(Data records)
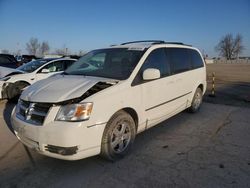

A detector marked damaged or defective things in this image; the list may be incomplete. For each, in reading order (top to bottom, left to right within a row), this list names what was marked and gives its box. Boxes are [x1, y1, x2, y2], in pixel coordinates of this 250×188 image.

damaged vehicle [0, 58, 76, 100]
damaged vehicle [11, 40, 207, 161]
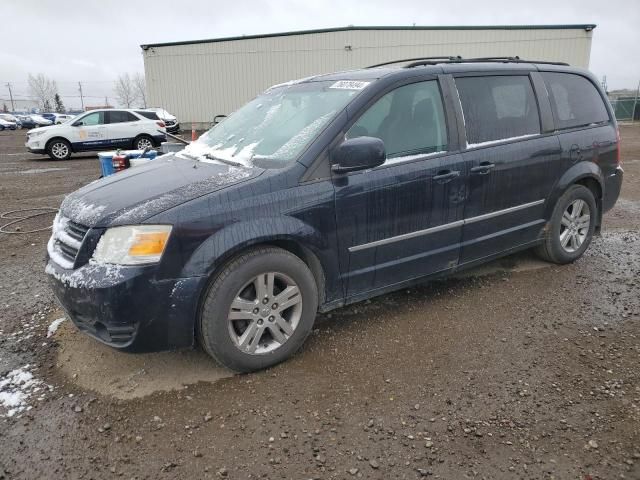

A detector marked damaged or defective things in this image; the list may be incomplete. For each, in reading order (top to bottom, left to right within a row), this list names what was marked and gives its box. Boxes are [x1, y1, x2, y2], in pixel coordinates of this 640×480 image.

damaged front bumper [46, 258, 206, 352]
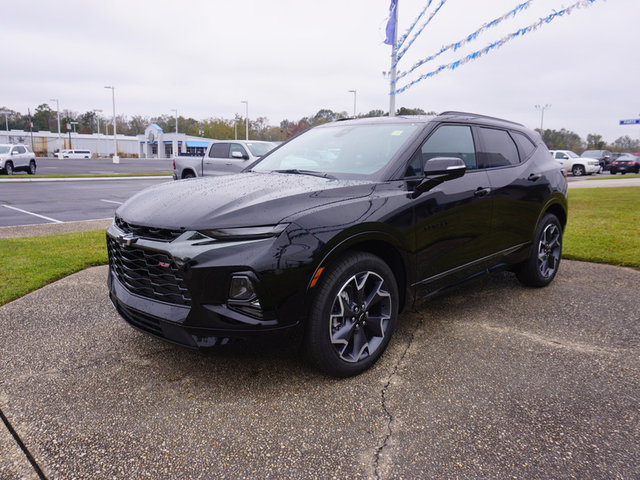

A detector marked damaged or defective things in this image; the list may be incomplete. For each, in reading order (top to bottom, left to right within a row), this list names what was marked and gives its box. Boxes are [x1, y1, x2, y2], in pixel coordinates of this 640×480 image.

crack in concrete [372, 316, 422, 480]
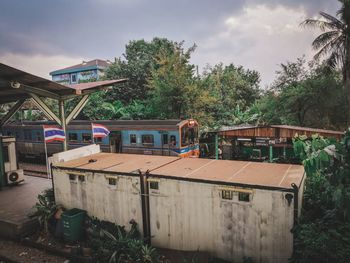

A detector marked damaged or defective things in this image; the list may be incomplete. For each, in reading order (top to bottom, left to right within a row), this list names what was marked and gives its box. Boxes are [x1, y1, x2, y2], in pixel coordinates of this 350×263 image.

rusty metal roof [54, 154, 180, 174]
rusty metal roof [52, 154, 304, 191]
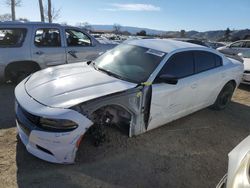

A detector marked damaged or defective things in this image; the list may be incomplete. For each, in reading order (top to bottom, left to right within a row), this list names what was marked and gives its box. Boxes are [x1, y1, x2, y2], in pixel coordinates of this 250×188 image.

crumpled hood [25, 62, 137, 108]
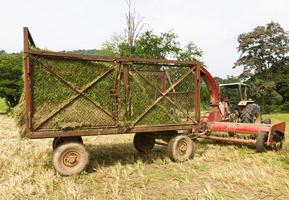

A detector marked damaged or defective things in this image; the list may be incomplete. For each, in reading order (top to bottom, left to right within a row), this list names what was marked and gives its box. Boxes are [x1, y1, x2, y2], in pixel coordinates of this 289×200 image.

rusty metal trailer [22, 27, 284, 175]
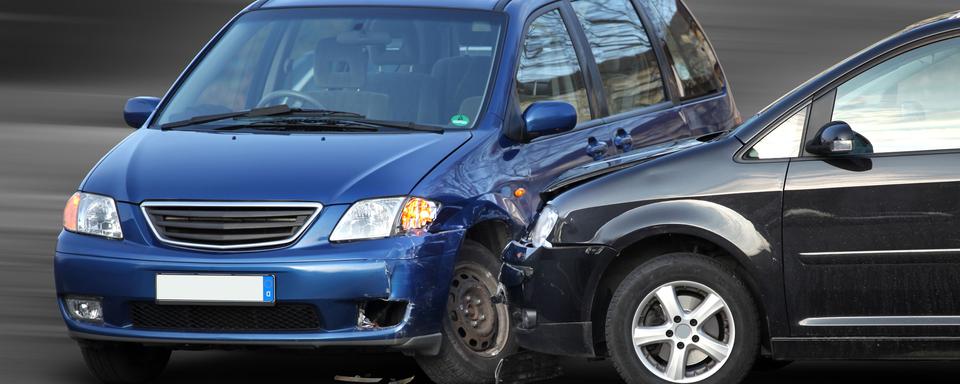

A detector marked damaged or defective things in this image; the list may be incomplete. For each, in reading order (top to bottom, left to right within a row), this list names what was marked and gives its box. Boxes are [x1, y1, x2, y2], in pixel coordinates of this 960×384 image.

◆ TRY IT ◆
All that belongs in the answer is the lines from the line with "this 289×200 image." through the closing line of the entries, inclusive, transcribed exactly and free of pictures.

◆ REPLY TO THE EXERCISE ◆
A detector marked damaged or defective things in this image; the list may be incomplete. For each, in reading order (top to bottom, left to right within a row), this list names what was marked and gives its box. Boxes are [x1, y1, x2, y2], in pixel coordinates of this 289×200 image.

rusty metal trailer [22, 27, 284, 175]

A detector marked damaged or defective things in this image; the list may be incomplete. For each, in reading order (top to bottom, left to right within a row), this list names what was marked and gives its box. Boxes are [x1, y1, x2, y2], in pixel coordinates of this 960×384 image.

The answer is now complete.